* _WHAT YOU HAVE TO DO_: For the data below, give again exactly the lines from the one containing "Hawaiian Airlines Debuts" through the one containing "1017 East Ave, Gustine, CA 95322 photo 1", both ends included, and no others.

##### EXERCISE DATA #####

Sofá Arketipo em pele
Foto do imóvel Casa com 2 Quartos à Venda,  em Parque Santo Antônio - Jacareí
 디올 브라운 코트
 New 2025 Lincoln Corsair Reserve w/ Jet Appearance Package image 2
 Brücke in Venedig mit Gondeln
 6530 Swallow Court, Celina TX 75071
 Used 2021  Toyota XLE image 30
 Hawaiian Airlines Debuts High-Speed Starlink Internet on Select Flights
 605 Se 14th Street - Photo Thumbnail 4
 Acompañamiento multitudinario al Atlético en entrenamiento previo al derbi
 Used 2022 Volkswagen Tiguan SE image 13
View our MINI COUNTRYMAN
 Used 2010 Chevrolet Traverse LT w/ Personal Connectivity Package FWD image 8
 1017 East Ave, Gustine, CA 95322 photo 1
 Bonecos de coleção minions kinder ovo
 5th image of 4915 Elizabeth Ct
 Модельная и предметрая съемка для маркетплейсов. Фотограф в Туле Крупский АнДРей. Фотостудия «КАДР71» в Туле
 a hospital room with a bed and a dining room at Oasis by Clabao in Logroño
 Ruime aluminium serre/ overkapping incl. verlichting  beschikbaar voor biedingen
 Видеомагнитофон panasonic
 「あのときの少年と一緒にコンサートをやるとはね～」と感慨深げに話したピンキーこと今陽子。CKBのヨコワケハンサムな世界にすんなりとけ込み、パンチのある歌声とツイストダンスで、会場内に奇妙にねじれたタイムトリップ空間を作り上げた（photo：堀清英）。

#####

* _TASK RESPONSE_:
 Hawaiian Airlines Debuts High-Speed Starlink Internet on Select Flights
 605 Se 14th Street - Photo Thumbnail 4
 Acompañamiento multitudinario al Atlético en entrenamiento previo al derbi
 Used 2022 Volkswagen Tiguan SE image 13
View our MINI COUNTRYMAN
 Used 2010 Chevrolet Traverse LT w/ Personal Connectivity Package FWD image 8
 1017 East Ave, Gustine, CA 95322 photo 1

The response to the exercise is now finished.